─── Extracted data ───

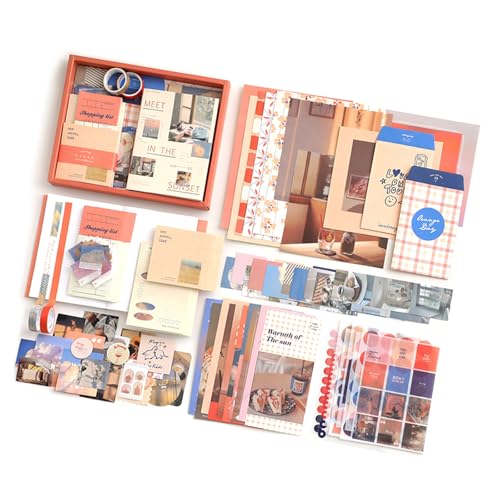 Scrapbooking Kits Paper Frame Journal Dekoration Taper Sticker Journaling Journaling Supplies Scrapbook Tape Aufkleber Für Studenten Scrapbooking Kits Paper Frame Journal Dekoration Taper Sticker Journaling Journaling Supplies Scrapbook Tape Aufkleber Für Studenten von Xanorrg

───
─── Extracted data ───

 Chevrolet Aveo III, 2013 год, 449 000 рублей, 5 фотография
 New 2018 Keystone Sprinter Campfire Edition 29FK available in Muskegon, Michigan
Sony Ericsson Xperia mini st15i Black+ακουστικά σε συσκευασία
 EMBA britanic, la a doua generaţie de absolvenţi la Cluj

───
─── Extracted data ───

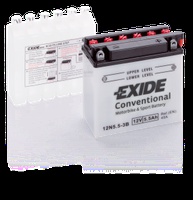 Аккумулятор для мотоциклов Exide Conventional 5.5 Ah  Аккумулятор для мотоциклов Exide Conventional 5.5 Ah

───

• [What you will do]:
Go through the listing above and write out exactly the lines starting with the one holding "Chevrolet Aveo III, 2013" and running through the one holding "EMBA britanic, la", ends included, and no others.

• [Task solution]:
 Chevrolet Aveo III, 2013 год, 449 000 рублей, 5 фотография
 New 2018 Keystone Sprinter Campfire Edition 29FK available in Muskegon, Michigan
Sony Ericsson Xperia mini st15i Black+ακουστικά σε συσκευασία
 EMBA britanic, la a doua generaţie de absolvenţi la Cluj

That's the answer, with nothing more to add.